* **Supplied records**

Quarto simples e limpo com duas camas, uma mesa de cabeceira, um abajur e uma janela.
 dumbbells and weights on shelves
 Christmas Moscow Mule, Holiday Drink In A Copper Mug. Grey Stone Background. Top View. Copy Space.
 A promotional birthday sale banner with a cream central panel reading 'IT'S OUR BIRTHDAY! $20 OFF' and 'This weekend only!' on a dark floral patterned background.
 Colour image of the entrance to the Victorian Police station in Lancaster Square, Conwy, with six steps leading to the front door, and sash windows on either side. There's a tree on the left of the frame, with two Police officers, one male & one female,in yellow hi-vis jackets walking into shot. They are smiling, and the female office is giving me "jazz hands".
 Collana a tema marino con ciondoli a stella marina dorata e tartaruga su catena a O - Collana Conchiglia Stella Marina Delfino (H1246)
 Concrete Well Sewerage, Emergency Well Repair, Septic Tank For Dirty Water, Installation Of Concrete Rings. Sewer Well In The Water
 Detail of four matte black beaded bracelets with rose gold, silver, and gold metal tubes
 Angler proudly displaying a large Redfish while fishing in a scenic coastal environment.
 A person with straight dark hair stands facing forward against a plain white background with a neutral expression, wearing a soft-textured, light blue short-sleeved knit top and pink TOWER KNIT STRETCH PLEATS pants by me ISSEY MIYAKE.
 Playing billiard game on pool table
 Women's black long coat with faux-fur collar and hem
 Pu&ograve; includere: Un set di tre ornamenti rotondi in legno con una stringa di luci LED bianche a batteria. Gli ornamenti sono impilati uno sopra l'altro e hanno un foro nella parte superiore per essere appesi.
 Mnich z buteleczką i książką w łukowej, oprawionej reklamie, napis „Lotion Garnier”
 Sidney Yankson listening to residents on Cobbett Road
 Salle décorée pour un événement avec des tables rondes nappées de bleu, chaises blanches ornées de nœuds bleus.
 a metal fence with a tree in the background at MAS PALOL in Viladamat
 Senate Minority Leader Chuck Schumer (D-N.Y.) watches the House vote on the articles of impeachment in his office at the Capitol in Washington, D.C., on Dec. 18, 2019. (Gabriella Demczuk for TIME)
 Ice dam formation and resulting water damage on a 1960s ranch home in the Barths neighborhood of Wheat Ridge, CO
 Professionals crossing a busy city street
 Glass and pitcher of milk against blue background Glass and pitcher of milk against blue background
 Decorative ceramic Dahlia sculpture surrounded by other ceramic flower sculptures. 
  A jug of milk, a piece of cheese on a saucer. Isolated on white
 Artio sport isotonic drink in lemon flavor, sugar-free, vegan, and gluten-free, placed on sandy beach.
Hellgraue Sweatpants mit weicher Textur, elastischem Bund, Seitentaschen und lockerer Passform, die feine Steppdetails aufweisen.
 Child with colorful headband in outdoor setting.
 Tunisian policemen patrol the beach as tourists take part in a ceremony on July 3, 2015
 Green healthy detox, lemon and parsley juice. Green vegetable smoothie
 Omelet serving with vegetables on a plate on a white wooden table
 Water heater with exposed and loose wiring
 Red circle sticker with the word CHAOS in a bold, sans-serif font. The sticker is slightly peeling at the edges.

* **Problem description**
A single number is required: the count of lines in the records that include the string "beach".

* **Result for this task**
2